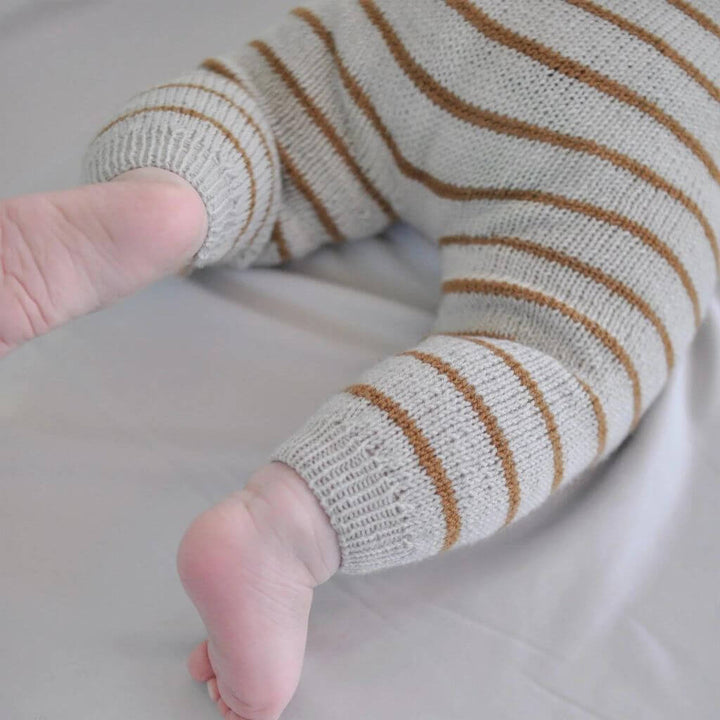 Yndestrikk Pattern Babystrampler Theos Strickanleitung - Yndestrikk (PDF) bei bei bei bei bei bei bei bei bei Lieblingsgarn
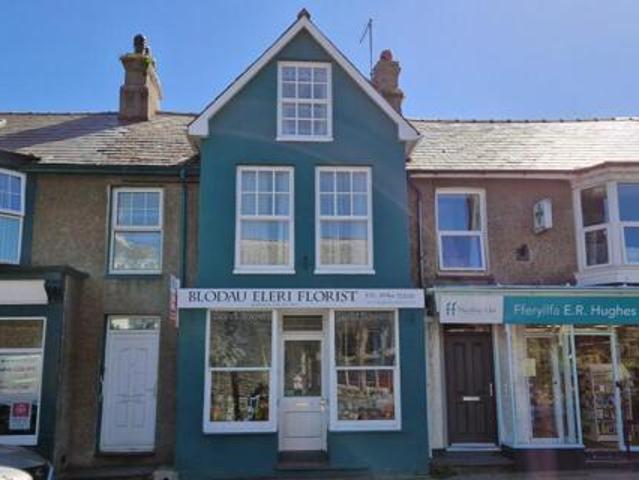 House for sale in Criccieth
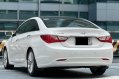 Selling White Hyundai Sonata 2011 in Makati-3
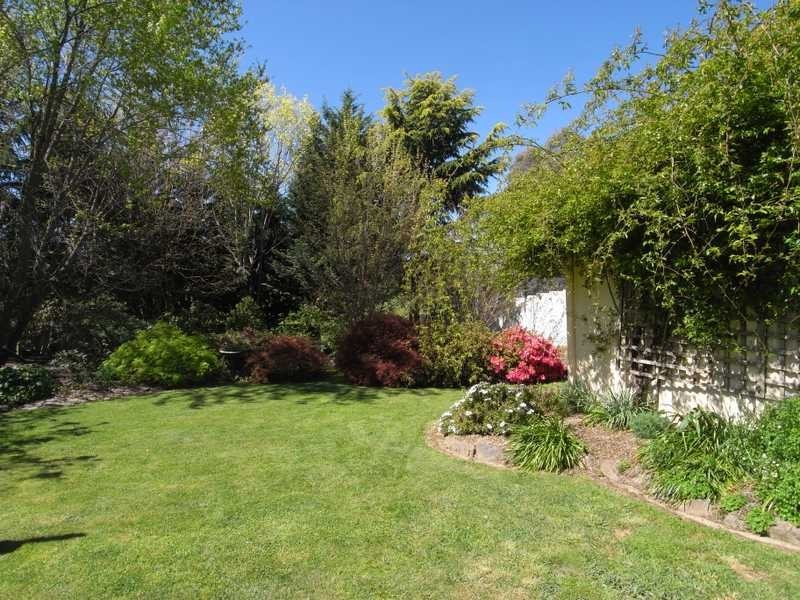 94 Albury Street, Tumbarumba NSW 2653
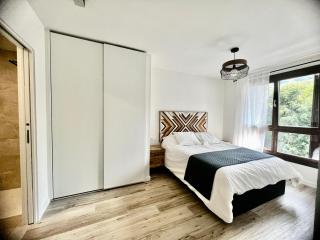 BPIRINEOS-Pyrene - 2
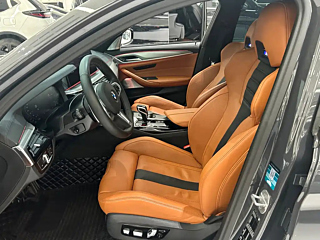 BMW M5  2021 YEAR M5 2021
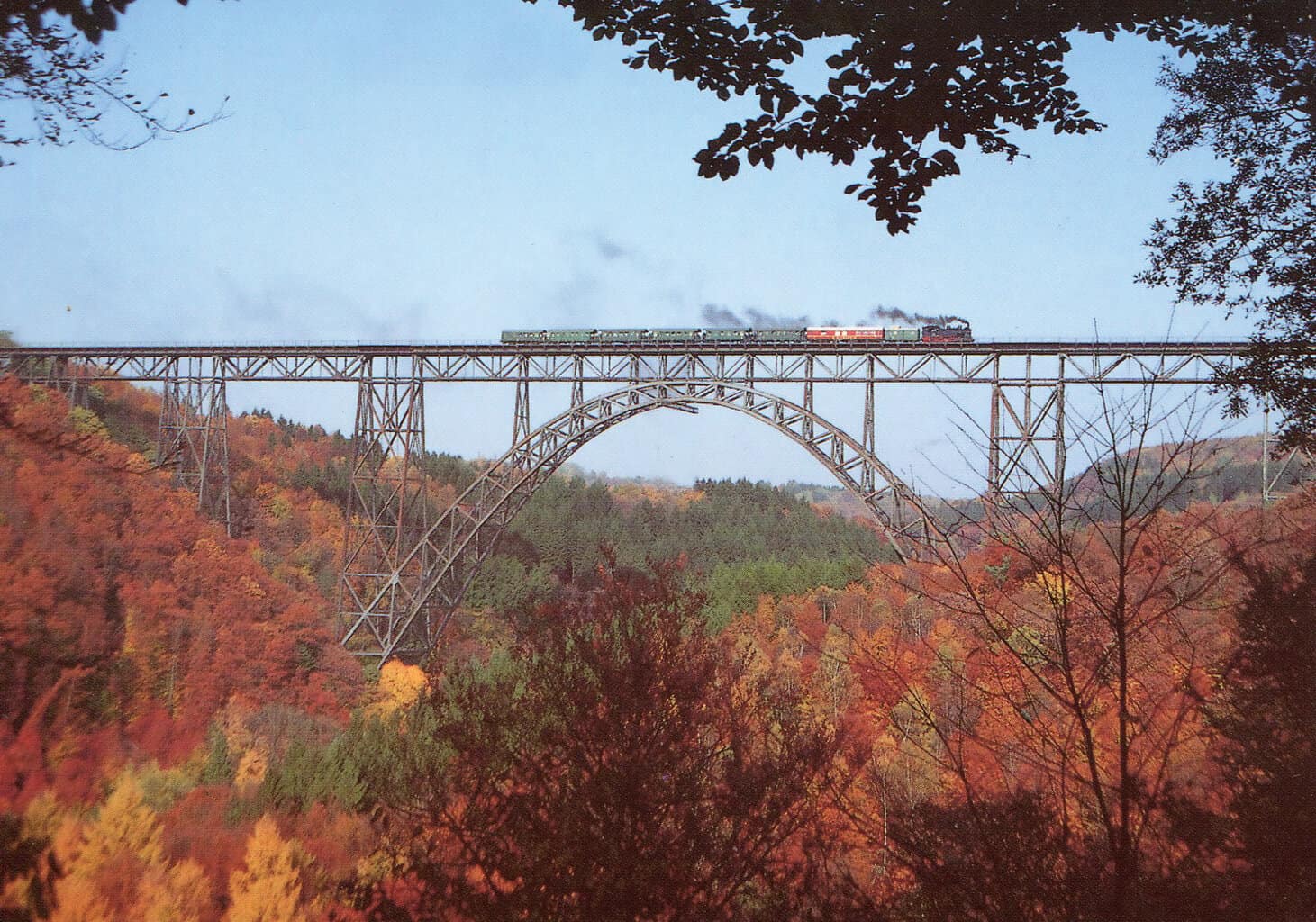 Historische Dampflokomotive auf der Müngstener Brücke © Stadtarchiv Solingen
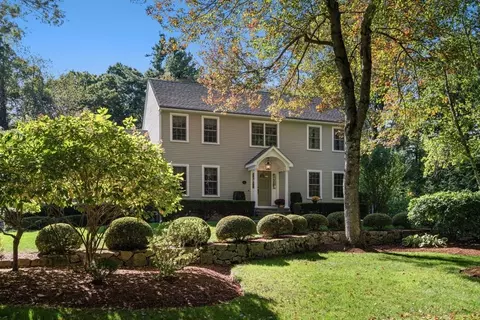 4 Angelo Dr, Hopkinton, MA 01748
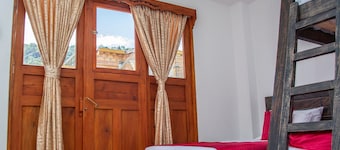 Hotel Madre Laura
■ ■ ■
> [Directions] Leave the pictures out and output all of the data verbatim.

> [Answer for the task]
 Yndestrikk Pattern Babystrampler Theos Strickanleitung - Yndestrikk (PDF) bei bei bei bei bei bei bei bei bei Lieblingsgarn
 House for sale in Criccieth
 Selling White Hyundai Sonata 2011 in Makati-3
 94 Albury Street, Tumbarumba NSW 2653
 BPIRINEOS-Pyrene - 2
 BMW M5  2021 YEAR M5 2021
 Historische Dampflokomotive auf der Müngstener Brücke © Stadtarchiv Solingen
 4 Angelo Dr, Hopkinton, MA 01748
 Hotel Madre Laura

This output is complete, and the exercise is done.